### Task brief
Directions for the data below: repeat exactly the lines from the one with "महिषासुर की प्रतिमा" through the one with "5 Bedroom Barn", both included, and omit all pictures.

### Source material
....................
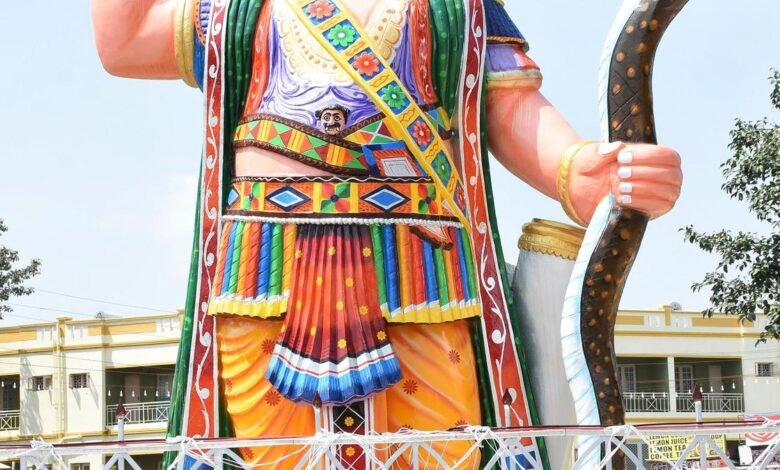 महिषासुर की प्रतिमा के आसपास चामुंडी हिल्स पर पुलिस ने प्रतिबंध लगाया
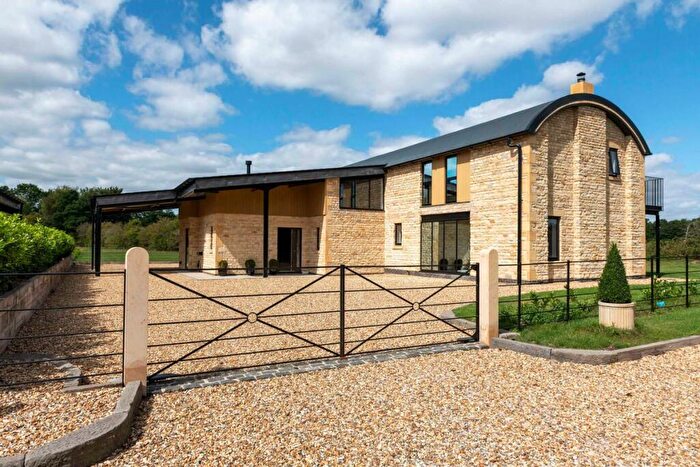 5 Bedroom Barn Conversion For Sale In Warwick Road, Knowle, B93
....................
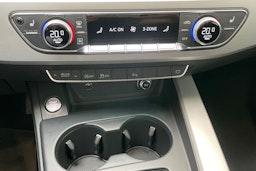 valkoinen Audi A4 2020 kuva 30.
....................
### Response to this exercise
 महिषासुर की प्रतिमा के आसपास चामुंडी हिल्स पर पुलिस ने प्रतिबंध लगाया
 5 Bedroom Barn Conversion For Sale In Warwick Road, Knowle, B93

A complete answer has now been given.